Written by Benjamin Simon: 

One of the most popular trends during the first half of 2022 is the emergence of Wordle. Created in 2021 by Josh Wardle, the word-guessing game now has hundreds of thousands, even millions, of daily users. Wordle’s rapid increase in popularity can be attributed to how easy it is to share results with others through text or social media. The ability to share the Wordle experience brings users to the site and incentivizes competition, which in turn motivates people to apply strategy to their game. As social scientists, we can use data to our advantage when playing Wordle to maximize better outcomes. Benjamin guides us on how we can leverage data science concepts to become better players and how to maximize efficiency with every turn.

 

Wordle gives players six guesses to enter the correct word of the day. In each guess, a letter entered in the correct spot will appear green; a letter that is in the word but is placed incorrectly will be yellow; and any letters that are not in the word remain grey. To identify a handful of the most efficient words to try on the first guess, we can use letter frequency. One of the most common strategies is starting with four-vowel words, such as “ADIEU” or “AUDIO.” Strategies differ with some people choosing the first word at random, and still others entering four words that consist of 20 unique letters in the English alphabet.

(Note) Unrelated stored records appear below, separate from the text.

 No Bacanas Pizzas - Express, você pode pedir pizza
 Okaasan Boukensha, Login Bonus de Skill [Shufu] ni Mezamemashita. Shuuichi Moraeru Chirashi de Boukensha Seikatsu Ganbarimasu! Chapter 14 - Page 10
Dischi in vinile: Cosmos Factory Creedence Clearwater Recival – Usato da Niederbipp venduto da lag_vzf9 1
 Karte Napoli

Wordle’s software contains a list of 2,315 words from which one is chosen at random each day. This means a few things for Wordle players. On one hand, the game currently has an expiration date in the Summer of 2027. On the other hand, there is a fixed set of 11,575 characters from which we can calculate the frequency of all 26 letters in the alphabet. To skew your guess distribution in your favor, the best strategy to use is to rely on the data.

In order, the five most common letters in the word set are “E,” “A,” “R,” “O,” and “T.” There are two five-letter words that contain each of those letters: “ORATE” and “OATER.” Using overall letter frequency, those two words give the best chance of containing the correct characters. There is also a handful of letters to avoid. In descending order, each of these characters is found 40 or fewer times: “Z,” “X,” “Q,” and “J.” Let’s assume that all 27 “J’s” featured in the Wordle list were found in different words. This would mean that less than 1.2% of Wordle words contain the letter “J”. Steer clear of these four low frequency letters!.

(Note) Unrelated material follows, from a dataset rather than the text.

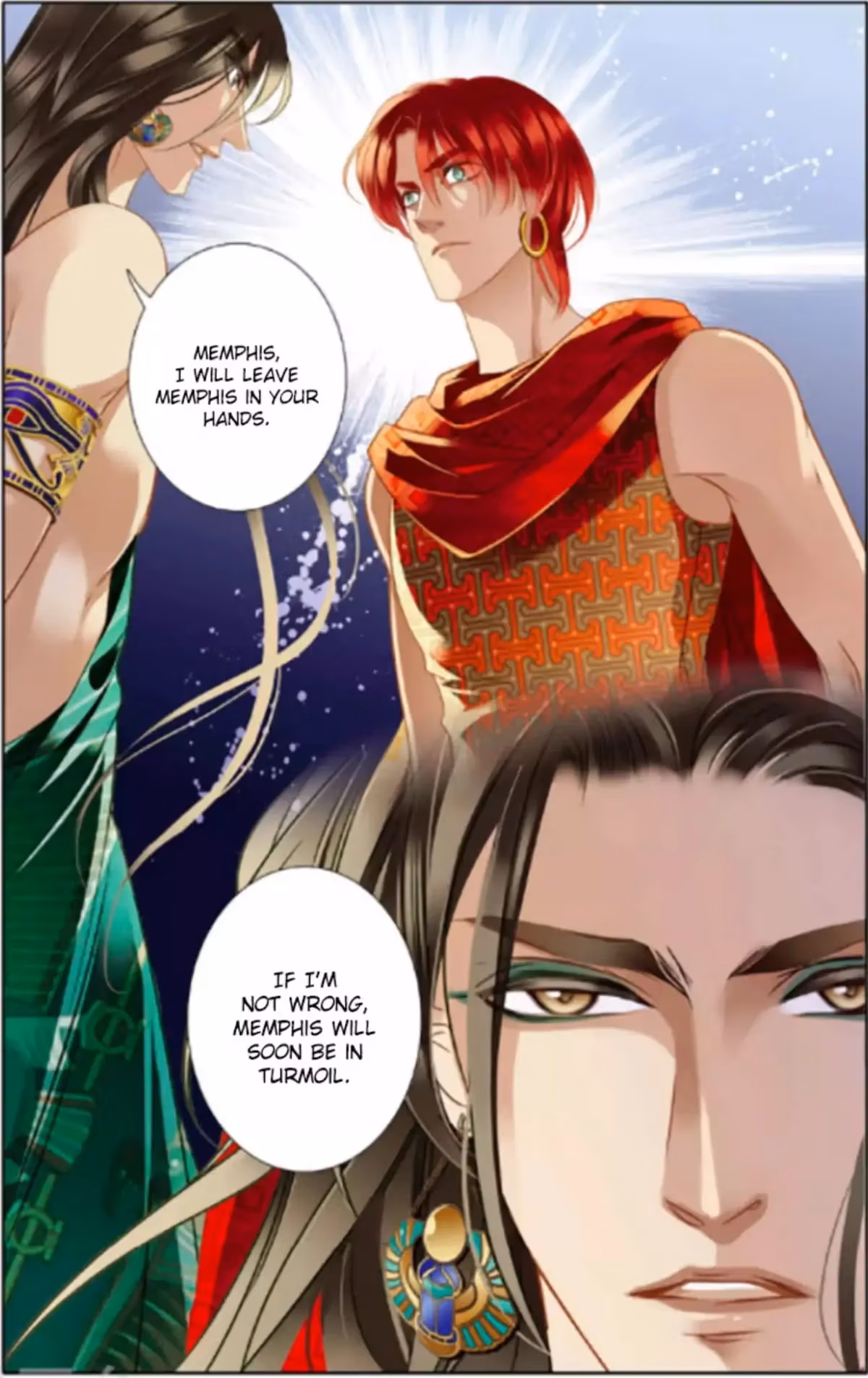 Pharaoh's Concubine Chapter 10 page 20 -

Another way that data can inform your guess is through probabilities related to the frequency with which certain letters appear in certain positions in a word. For instance, just seven letters in the alphabet are the first character in over half of the words on the Wordle list. The most common letter is “S,” although it is not one of the five most common characters. With this in mind, you can calculate the frequency with which a letter is present when a certain letter is the beginning of a word. To end a word, “Y” is among the most commonly used letters. It is possible to identify letter frequency when “Y” ends off a word, as well. This same relationship can be made with any letter in any placement in a word, including words with duplicate letters.

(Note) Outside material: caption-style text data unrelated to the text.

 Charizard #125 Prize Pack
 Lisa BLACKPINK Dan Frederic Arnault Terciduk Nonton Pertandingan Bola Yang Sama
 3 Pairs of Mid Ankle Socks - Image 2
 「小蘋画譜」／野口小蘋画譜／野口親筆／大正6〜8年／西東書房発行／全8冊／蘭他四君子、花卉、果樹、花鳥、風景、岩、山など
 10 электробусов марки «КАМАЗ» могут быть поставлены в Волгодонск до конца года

So, how will you approach tomorrow’s word? Will you try “ORATE” to eliminate the five most common letters? Another possibility is to use “STORY” keeping in mind the likelihood of words starting with “S” or ending with “Y.” There is also nothing wrong with eliminating four vowels with one entry. Whether playing for fun or competitively, I urge you to give these strategies a try. Ultimately, whoever has the data has the upper hand.